Il gelo umano del potere
Non è un fotomontaggio, non è una messa in scena. È successo davvero. Un funzionario si accascia al suolo, improvvisamente, durante una conferenza alla Casa Bianca. Attorno a lui le persone si muovono, chiamano aiuto, cercano di soccorrerlo. E poi c’è lui, Donald Trump, fermo dietro la scrivania, lo sguardo fisso nella camera, il volto impassibile, le mani lungo i fianchi. Immobile, come se nulla fosse accaduto.
Non un passo verso l’uomo a terra. Non un gesto, una parola, un minimo cenno di umanità. È come se quel corpo riverso davanti a lui non fosse una persona ma un elemento di disturbo, un oggetto che rovinava la perfezione della scena. L’immagine è raccapricciante, e non per la caduta del funzionario, ma per la freddezza di chi assiste senza battere ciglio.

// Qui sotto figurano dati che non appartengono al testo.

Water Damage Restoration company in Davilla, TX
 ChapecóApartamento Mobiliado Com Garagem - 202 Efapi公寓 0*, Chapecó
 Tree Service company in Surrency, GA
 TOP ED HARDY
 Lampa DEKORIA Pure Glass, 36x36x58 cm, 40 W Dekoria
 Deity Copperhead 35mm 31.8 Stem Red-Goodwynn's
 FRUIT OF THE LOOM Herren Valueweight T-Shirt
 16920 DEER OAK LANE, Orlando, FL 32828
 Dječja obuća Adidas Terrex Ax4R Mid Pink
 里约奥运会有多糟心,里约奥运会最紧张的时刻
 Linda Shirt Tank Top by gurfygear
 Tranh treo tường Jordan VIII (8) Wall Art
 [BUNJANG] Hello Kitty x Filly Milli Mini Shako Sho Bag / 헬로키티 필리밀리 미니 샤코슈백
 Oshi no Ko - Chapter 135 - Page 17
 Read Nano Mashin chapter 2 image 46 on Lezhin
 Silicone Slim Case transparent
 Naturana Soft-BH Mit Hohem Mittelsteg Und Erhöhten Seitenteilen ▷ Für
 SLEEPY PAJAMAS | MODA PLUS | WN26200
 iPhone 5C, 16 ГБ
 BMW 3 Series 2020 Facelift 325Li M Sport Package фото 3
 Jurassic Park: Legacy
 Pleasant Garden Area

Chiunque, di fronte a un evento simile, avrebbe un riflesso immediato: ci si sporge, si chiede se serve aiuto, si prova almeno una forma istintiva di partecipazione. È un impulso automatico, radicato nella natura umana. Ma in Trump no. In lui, come hanno spiegato diversi psicologi che hanno analizzato la sua personalità, quel circuito empatico sembra spezzato.
Molti specialisti hanno descritto la sua condotta come quella di un uomo con tratti marcati di disturbo narcisistico di personalità: bisogno costante di ammirazione, incapacità di accettare la fragilità, ossessione per il controllo dell’immagine. Per un individuo con questa struttura, l’altro non esiste davvero, se non come specchio o minaccia. La sofferenza altrui non suscita compassione, ma fastidio, perché obbliga a confrontarsi con ciò che il narcisista teme di più: la vulnerabilità, la perdita di dominio.
Quella postura immobile davanti a un uomo che crolla è quindi un gesto perfettamente coerente con il suo copione psicologico. Non è apatia, è difesa. È la necessità di mantenere intatta l’immagine del leader invincibile, anche quando la realtà mostra quanto sia umanamente vuoto quel ruolo.
In quella stanza colma di bandiere, fotografie e simboli di potere, l’unica cosa che manca è la compassione. Trump resta immobile non perché non capisca cosa accade, ma perché non può permettersi di sentirlo. In quel momento, più che un presidente, appare un uomo prigioniero del proprio ego.
Ed è questo che disgusta: non il freddo calcolo politico, ma l’assenza totale di un riflesso umano. Davanti a un corpo che cade, Trump pensa solo a non uscire male in foto. E in quell’attimo, più di ogni discorso, si rivela per ciò che è davvero: un uomo incapace di provare empatia, chiuso nella corazza del proprio narcisismo, pronto a sacrificare persino l’umanità pur di restare al centro dell’inquadratura.